Return all of the entries exactly as written.

[Stored records]
┌──
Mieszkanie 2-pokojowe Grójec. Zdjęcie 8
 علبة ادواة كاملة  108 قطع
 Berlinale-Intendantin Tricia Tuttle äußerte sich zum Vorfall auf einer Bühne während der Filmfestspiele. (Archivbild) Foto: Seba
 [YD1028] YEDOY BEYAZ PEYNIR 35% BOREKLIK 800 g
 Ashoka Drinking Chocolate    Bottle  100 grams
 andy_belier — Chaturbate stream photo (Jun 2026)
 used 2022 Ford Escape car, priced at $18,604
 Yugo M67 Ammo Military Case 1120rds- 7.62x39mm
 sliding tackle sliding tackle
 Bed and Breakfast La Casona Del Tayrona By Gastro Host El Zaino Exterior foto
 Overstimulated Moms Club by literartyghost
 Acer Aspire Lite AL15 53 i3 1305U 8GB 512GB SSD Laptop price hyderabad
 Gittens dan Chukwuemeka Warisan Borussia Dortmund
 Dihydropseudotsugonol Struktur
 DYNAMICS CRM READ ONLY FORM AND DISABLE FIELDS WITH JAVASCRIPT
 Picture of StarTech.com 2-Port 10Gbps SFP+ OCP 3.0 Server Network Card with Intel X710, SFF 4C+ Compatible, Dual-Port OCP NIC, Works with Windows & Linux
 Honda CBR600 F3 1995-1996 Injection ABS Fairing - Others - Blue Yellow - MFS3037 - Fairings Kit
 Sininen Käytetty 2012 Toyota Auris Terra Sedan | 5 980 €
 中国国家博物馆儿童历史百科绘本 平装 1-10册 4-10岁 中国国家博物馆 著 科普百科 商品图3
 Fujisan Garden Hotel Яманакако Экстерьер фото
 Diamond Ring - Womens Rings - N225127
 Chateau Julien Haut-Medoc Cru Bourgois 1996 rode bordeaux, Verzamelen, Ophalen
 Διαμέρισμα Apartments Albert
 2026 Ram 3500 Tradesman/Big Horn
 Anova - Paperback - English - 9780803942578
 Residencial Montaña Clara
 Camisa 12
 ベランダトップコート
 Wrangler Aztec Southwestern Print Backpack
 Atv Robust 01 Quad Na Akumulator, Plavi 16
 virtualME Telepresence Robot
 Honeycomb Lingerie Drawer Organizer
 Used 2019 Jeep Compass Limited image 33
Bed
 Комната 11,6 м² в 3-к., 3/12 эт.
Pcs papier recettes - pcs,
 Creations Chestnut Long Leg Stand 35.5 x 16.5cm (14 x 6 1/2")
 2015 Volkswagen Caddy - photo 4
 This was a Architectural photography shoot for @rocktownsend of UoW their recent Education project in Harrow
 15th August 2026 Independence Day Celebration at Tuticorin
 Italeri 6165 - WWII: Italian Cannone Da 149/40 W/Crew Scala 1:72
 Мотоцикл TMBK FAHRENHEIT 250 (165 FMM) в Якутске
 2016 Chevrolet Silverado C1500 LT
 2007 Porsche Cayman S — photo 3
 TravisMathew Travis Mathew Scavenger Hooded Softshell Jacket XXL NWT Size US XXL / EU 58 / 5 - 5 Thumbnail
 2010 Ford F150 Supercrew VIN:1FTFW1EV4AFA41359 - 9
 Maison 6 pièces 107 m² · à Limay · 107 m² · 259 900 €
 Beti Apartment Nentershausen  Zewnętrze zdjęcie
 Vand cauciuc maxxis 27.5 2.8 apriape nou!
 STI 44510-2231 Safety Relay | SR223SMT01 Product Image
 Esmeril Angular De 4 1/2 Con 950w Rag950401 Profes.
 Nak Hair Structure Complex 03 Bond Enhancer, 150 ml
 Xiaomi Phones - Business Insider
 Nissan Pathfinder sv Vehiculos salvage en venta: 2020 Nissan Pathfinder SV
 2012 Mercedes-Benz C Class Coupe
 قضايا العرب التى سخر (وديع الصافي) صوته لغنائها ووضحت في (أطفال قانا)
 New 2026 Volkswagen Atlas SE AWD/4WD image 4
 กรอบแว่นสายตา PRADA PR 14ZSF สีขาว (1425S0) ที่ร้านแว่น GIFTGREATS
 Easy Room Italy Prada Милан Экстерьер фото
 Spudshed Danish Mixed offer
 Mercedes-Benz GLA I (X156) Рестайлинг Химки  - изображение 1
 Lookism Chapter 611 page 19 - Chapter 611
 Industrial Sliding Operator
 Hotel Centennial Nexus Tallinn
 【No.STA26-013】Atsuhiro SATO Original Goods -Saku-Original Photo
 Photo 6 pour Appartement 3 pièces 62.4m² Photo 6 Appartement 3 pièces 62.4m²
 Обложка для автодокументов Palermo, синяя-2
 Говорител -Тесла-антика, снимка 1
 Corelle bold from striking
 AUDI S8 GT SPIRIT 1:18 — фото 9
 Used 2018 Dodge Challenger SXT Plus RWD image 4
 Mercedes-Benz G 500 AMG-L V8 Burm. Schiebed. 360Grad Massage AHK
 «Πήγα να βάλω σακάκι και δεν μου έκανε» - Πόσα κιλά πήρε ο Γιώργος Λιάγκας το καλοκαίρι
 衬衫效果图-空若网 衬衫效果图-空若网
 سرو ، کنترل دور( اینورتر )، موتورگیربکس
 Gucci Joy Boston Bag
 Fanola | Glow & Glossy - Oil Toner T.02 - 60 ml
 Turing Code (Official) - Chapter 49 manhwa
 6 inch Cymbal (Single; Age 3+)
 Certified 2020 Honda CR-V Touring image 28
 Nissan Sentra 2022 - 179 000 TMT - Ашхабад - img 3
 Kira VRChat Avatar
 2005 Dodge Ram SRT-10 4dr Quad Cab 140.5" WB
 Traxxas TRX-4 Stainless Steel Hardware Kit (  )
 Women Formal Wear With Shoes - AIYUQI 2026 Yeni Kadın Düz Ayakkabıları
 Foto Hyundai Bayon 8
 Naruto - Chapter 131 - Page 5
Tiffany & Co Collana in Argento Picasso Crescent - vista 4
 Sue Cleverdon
└──
| Reply to the task |
Mieszkanie 2-pokojowe Grójec. Zdjęcie 8
 علبة ادواة كاملة  108 قطع
 Berlinale-Intendantin Tricia Tuttle äußerte sich zum Vorfall auf einer Bühne während der Filmfestspiele. (Archivbild) Foto: Seba
 [YD1028] YEDOY BEYAZ PEYNIR 35% BOREKLIK 800 g
 Ashoka Drinking Chocolate    Bottle  100 grams
 andy_belier — Chaturbate stream photo (Jun 2026)
 used 2022 Ford Escape car, priced at $18,604
 Yugo M67 Ammo Military Case 1120rds- 7.62x39mm
 sliding tackle sliding tackle
 Bed and Breakfast La Casona Del Tayrona By Gastro Host El Zaino Exterior foto
 Overstimulated Moms Club by literartyghost
 Acer Aspire Lite AL15 53 i3 1305U 8GB 512GB SSD Laptop price hyderabad
 Gittens dan Chukwuemeka Warisan Borussia Dortmund
 Dihydropseudotsugonol Struktur
 DYNAMICS CRM READ ONLY FORM AND DISABLE FIELDS WITH JAVASCRIPT
 Picture of StarTech.com 2-Port 10Gbps SFP+ OCP 3.0 Server Network Card with Intel X710, SFF 4C+ Compatible, Dual-Port OCP NIC, Works with Windows & Linux
 Honda CBR600 F3 1995-1996 Injection ABS Fairing - Others - Blue Yellow - MFS3037 - Fairings Kit
 Sininen Käytetty 2012 Toyota Auris Terra Sedan | 5 980 €
 中国国家博物馆儿童历史百科绘本 平装 1-10册 4-10岁 中国国家博物馆 著 科普百科 商品图3
 Fujisan Garden Hotel Яманакако Экстерьер фото
 Diamond Ring - Womens Rings - N225127
 Chateau Julien Haut-Medoc Cru Bourgois 1996 rode bordeaux, Verzamelen, Ophalen
 Διαμέρισμα Apartments Albert
 2026 Ram 3500 Tradesman/Big Horn
 Anova - Paperback - English - 9780803942578
 Residencial Montaña Clara
 Camisa 12
 ベランダトップコート
 Wrangler Aztec Southwestern Print Backpack
 Atv Robust 01 Quad Na Akumulator, Plavi 16
 virtualME Telepresence Robot
 Honeycomb Lingerie Drawer Organizer
 Used 2019 Jeep Compass Limited image 33
Bed
 Комната 11,6 м² в 3-к., 3/12 эт.
Pcs papier recettes - pcs,
 Creations Chestnut Long Leg Stand 35.5 x 16.5cm (14 x 6 1/2")
 2015 Volkswagen Caddy - photo 4
 This was a Architectural photography shoot for @rocktownsend of UoW their recent Education project in Harrow
 15th August 2026 Independence Day Celebration at Tuticorin
 Italeri 6165 - WWII: Italian Cannone Da 149/40 W/Crew Scala 1:72
 Мотоцикл TMBK FAHRENHEIT 250 (165 FMM) в Якутске
 2016 Chevrolet Silverado C1500 LT
 2007 Porsche Cayman S — photo 3
 TravisMathew Travis Mathew Scavenger Hooded Softshell Jacket XXL NWT Size US XXL / EU 58 / 5 - 5 Thumbnail
 2010 Ford F150 Supercrew VIN:1FTFW1EV4AFA41359 - 9
 Maison 6 pièces 107 m² · à Limay · 107 m² · 259 900 €
 Beti Apartment Nentershausen  Zewnętrze zdjęcie
 Vand cauciuc maxxis 27.5 2.8 apriape nou!
 STI 44510-2231 Safety Relay | SR223SMT01 Product Image
 Esmeril Angular De 4 1/2 Con 950w Rag950401 Profes.
 Nak Hair Structure Complex 03 Bond Enhancer, 150 ml
 Xiaomi Phones - Business Insider
 Nissan Pathfinder sv Vehiculos salvage en venta: 2020 Nissan Pathfinder SV
 2012 Mercedes-Benz C Class Coupe
 قضايا العرب التى سخر (وديع الصافي) صوته لغنائها ووضحت في (أطفال قانا)
 New 2026 Volkswagen Atlas SE AWD/4WD image 4
 กรอบแว่นสายตา PRADA PR 14ZSF สีขาว (1425S0) ที่ร้านแว่น GIFTGREATS
 Easy Room Italy Prada Милан Экстерьер фото
 Spudshed Danish Mixed offer
 Mercedes-Benz GLA I (X156) Рестайлинг Химки  - изображение 1
 Lookism Chapter 611 page 19 - Chapter 611
 Industrial Sliding Operator
 Hotel Centennial Nexus Tallinn
 【No.STA26-013】Atsuhiro SATO Original Goods -Saku-Original Photo
 Photo 6 pour Appartement 3 pièces 62.4m² Photo 6 Appartement 3 pièces 62.4m²
 Обложка для автодокументов Palermo, синяя-2
 Говорител -Тесла-антика, снимка 1
 Corelle bold from striking
 AUDI S8 GT SPIRIT 1:18 — фото 9
 Used 2018 Dodge Challenger SXT Plus RWD image 4
 Mercedes-Benz G 500 AMG-L V8 Burm. Schiebed. 360Grad Massage AHK
 «Πήγα να βάλω σακάκι και δεν μου έκανε» - Πόσα κιλά πήρε ο Γιώργος Λιάγκας το καλοκαίρι
 衬衫效果图-空若网 衬衫效果图-空若网
 سرو ، کنترل دور( اینورتر )، موتورگیربکس
 Gucci Joy Boston Bag
 Fanola | Glow & Glossy - Oil Toner T.02 - 60 ml
 Turing Code (Official) - Chapter 49 manhwa
 6 inch Cymbal (Single; Age 3+)
 Certified 2020 Honda CR-V Touring image 28
 Nissan Sentra 2022 - 179 000 TMT - Ашхабад - img 3
 Kira VRChat Avatar
 2005 Dodge Ram SRT-10 4dr Quad Cab 140.5" WB
 Traxxas TRX-4 Stainless Steel Hardware Kit (  )
 Women Formal Wear With Shoes - AIYUQI 2026 Yeni Kadın Düz Ayakkabıları
 Foto Hyundai Bayon 8
 Naruto - Chapter 131 - Page 5
Tiffany & Co Collana in Argento Picasso Crescent - vista 4
 Sue Cleverdon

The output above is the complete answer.